• **Problem description**: Reply only with how many lines in these entries hold the string "Garden".

• **Exercise material**:

+===+

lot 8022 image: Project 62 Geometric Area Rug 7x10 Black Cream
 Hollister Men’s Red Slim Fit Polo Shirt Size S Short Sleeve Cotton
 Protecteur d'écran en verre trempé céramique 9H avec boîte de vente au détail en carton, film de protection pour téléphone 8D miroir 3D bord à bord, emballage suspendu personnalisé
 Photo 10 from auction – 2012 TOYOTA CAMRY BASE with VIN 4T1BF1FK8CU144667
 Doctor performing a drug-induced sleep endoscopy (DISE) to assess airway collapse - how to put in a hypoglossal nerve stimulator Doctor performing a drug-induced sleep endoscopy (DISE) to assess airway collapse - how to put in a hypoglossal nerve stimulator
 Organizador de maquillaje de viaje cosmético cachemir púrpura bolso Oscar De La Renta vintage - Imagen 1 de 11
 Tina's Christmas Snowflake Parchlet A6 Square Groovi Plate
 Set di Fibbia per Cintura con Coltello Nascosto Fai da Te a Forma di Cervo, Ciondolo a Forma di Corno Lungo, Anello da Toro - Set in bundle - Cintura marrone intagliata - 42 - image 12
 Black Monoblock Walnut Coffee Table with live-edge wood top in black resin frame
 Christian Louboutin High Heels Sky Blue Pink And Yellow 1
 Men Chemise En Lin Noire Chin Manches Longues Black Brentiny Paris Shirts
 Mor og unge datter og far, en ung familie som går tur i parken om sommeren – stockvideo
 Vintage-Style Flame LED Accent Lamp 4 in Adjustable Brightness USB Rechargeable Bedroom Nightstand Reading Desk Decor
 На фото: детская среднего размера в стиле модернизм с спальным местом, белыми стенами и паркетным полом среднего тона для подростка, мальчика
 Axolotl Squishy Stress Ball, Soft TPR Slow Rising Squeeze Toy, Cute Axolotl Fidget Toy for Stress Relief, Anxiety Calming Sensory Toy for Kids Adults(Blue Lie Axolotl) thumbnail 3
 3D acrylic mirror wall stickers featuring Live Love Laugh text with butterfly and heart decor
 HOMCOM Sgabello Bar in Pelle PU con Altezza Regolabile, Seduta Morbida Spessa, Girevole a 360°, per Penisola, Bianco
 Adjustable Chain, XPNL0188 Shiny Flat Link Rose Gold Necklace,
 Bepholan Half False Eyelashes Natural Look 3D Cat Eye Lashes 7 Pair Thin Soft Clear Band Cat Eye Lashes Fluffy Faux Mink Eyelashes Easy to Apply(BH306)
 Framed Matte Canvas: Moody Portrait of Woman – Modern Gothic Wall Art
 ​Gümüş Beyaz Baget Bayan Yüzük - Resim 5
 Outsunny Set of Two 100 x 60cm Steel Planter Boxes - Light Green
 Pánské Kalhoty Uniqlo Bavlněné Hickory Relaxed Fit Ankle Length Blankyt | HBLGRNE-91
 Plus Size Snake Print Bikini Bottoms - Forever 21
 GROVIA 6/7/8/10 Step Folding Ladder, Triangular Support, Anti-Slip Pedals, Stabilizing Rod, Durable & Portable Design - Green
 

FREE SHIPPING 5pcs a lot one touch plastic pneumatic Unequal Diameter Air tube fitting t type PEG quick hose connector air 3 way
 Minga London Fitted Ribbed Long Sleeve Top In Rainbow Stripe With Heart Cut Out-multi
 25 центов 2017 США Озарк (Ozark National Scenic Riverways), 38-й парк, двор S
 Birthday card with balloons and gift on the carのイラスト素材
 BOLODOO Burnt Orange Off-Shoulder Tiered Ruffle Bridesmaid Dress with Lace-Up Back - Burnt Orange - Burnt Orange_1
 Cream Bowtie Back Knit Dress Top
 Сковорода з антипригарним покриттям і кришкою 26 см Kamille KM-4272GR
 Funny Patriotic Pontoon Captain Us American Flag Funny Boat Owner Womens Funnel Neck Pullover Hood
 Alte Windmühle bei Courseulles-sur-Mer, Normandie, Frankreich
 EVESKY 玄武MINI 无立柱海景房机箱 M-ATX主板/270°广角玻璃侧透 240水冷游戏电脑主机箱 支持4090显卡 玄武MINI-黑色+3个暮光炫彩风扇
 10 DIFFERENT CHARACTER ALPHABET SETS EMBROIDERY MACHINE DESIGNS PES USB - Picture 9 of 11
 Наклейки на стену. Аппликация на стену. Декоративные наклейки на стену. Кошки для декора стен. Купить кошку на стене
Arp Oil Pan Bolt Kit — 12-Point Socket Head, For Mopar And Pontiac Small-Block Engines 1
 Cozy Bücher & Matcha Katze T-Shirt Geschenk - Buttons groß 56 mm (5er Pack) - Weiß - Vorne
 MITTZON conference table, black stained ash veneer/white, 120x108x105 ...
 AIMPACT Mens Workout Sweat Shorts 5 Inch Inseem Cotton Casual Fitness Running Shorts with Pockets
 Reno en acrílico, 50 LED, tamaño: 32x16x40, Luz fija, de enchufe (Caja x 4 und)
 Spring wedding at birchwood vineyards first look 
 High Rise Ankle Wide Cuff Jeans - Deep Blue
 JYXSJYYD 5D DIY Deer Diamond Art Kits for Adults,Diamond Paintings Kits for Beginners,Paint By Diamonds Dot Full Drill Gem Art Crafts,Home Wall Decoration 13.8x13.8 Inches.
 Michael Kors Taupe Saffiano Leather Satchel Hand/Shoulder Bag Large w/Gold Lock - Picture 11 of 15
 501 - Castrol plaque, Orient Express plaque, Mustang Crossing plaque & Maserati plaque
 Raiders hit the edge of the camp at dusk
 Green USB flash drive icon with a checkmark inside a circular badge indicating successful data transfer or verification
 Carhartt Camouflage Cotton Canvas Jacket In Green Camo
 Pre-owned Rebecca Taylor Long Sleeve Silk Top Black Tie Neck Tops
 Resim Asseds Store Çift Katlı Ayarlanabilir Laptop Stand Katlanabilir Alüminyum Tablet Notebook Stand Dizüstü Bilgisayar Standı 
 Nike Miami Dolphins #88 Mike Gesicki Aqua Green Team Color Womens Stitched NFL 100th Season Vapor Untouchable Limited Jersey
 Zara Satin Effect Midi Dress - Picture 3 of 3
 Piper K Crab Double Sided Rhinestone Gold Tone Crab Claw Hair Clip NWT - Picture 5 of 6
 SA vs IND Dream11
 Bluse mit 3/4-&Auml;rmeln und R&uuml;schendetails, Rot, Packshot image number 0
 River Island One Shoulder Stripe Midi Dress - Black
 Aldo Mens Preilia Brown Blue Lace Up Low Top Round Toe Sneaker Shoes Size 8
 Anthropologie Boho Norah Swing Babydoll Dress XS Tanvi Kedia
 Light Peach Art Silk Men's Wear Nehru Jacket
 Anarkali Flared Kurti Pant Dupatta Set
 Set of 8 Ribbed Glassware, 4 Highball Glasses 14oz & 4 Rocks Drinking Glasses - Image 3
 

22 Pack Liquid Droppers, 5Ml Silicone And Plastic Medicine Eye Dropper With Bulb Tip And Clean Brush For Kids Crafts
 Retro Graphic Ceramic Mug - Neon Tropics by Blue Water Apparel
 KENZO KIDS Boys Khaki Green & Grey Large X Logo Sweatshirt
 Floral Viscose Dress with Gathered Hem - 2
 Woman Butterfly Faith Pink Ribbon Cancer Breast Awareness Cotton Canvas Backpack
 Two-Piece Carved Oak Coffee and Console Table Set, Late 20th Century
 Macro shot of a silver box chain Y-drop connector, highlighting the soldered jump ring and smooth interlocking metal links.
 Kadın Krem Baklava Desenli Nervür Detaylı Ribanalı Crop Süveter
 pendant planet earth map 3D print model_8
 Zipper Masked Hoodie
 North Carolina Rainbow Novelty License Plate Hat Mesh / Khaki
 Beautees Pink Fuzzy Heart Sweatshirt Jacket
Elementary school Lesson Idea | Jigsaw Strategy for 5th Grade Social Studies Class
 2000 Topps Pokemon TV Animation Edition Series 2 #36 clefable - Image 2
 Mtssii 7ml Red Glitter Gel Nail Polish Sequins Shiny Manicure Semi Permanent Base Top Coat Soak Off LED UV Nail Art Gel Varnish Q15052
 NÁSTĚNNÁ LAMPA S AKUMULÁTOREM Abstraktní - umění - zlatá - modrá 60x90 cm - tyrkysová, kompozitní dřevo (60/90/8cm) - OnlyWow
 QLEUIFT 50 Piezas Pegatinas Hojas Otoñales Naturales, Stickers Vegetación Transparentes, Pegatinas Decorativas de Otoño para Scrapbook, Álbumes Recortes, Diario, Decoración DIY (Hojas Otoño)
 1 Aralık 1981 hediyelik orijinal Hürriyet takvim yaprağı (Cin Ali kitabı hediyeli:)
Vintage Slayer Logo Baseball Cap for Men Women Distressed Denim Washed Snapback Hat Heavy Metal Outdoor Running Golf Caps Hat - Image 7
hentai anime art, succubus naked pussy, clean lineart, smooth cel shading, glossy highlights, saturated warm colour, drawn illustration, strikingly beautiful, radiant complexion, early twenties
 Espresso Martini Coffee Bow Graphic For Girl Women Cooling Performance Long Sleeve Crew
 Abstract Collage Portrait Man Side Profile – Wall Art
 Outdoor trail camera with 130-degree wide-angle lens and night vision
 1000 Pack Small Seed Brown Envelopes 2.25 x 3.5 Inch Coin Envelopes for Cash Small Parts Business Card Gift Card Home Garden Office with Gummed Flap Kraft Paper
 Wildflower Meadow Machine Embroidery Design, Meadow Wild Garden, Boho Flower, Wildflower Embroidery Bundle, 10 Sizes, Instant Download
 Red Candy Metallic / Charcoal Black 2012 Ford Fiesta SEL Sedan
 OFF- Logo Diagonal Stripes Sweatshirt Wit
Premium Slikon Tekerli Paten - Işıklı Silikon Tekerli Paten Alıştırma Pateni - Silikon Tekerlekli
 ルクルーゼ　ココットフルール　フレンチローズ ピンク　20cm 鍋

+===+

• **Output for this exercise**: 2